Material shown
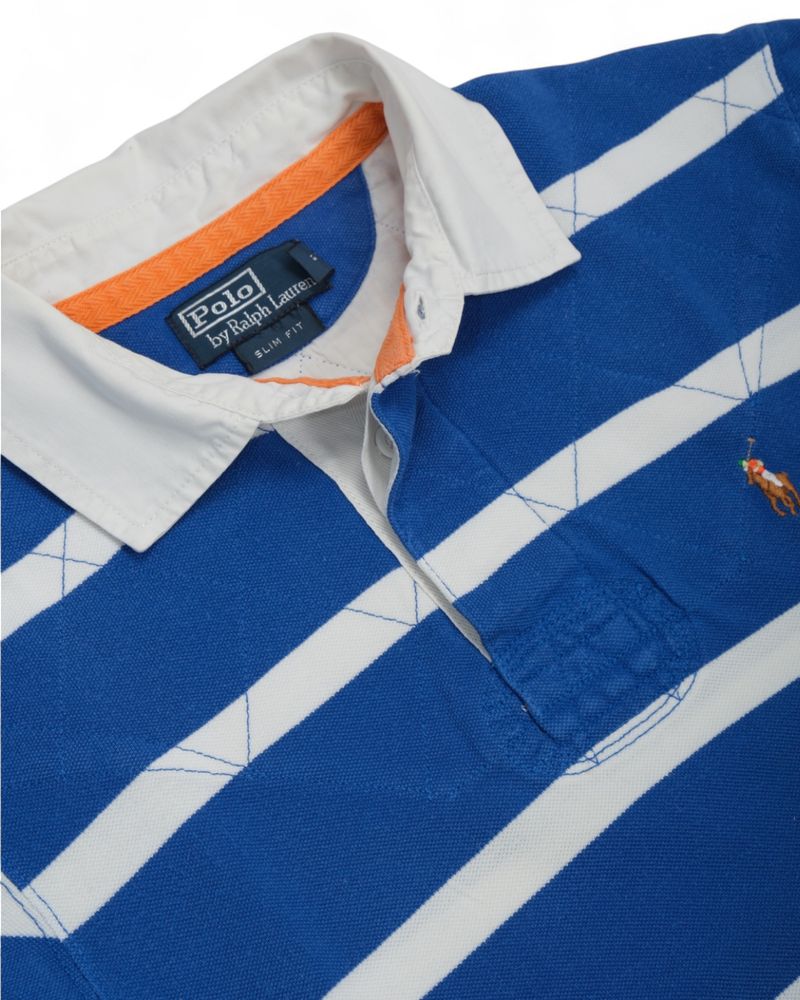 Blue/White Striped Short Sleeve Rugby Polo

==

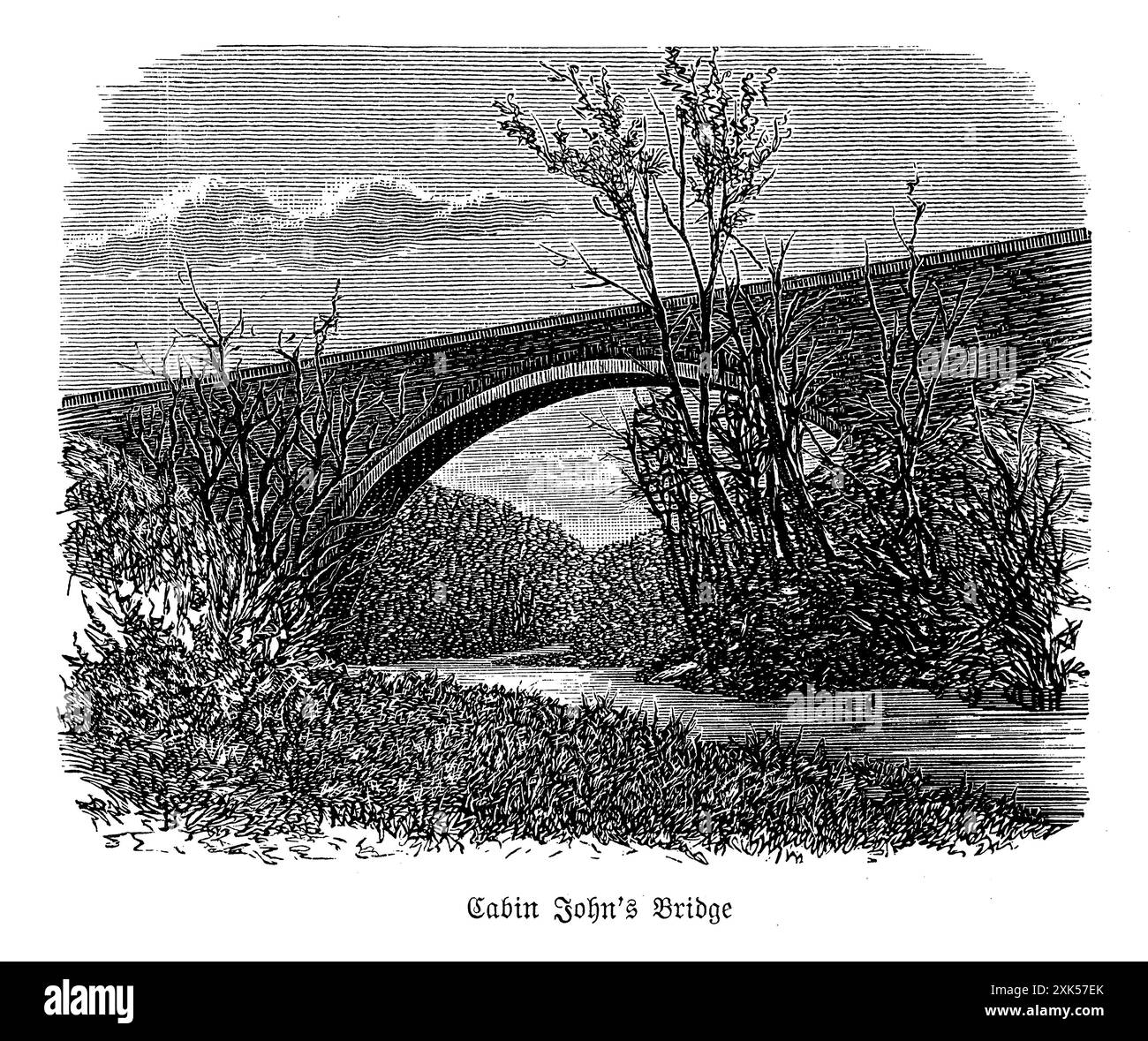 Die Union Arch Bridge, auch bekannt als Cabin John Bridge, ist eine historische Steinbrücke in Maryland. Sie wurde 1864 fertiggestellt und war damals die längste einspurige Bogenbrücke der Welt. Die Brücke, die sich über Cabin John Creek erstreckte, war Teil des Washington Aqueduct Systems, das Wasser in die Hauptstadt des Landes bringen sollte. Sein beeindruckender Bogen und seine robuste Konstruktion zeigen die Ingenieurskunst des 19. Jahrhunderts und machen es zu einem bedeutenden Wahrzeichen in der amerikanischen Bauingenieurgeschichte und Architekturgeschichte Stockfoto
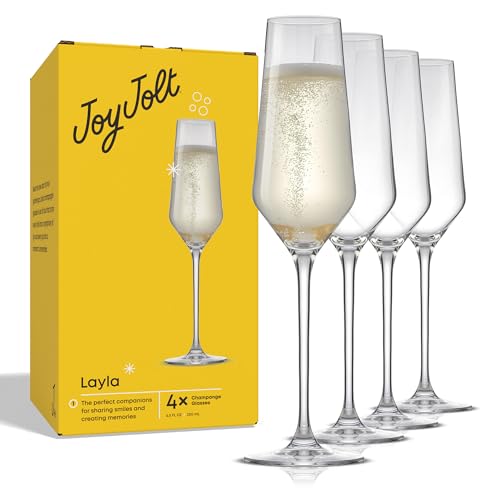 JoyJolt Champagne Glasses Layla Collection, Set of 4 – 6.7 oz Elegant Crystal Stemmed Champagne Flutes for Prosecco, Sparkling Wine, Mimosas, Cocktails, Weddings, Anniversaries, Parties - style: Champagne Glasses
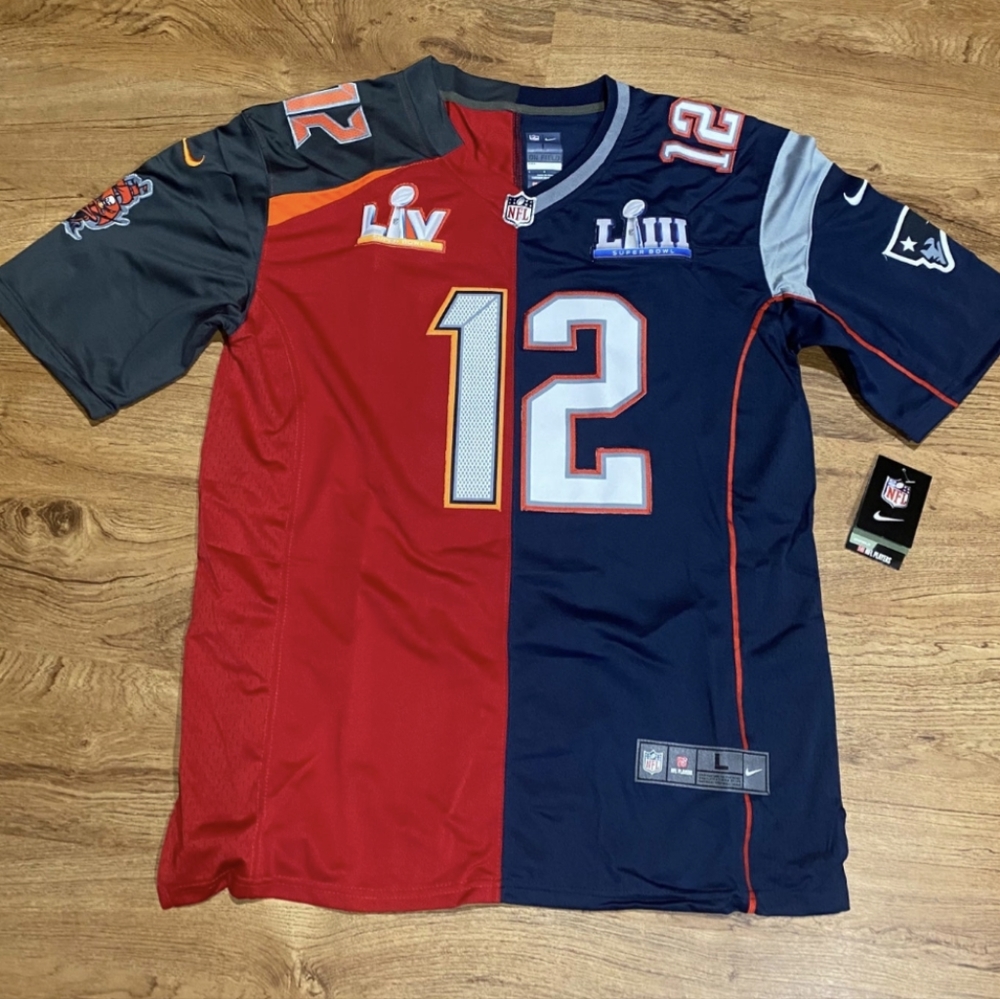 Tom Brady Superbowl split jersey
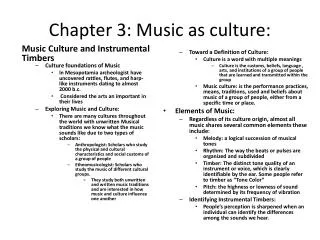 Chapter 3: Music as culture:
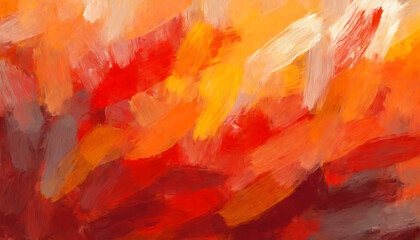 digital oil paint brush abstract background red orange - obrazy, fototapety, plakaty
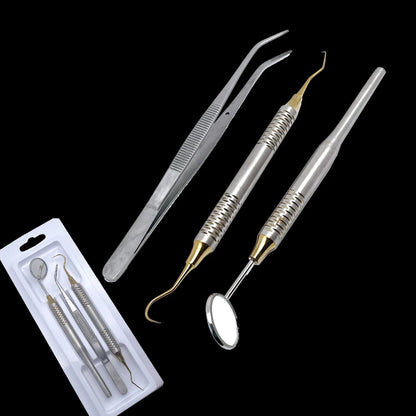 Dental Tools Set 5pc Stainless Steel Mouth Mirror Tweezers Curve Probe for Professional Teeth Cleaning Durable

Task requirements
Going by the data above, give back only the lines from the one containing "digital oil paint" through the one containing "Dental Tools Set", exactly as they stand, both ends included and no images.

Exercise answer
 digital oil paint brush abstract background red orange - obrazy, fototapety, plakaty
 Dental Tools Set 5pc Stainless Steel Mouth Mirror Tweezers Curve Probe for Professional Teeth Cleaning Durable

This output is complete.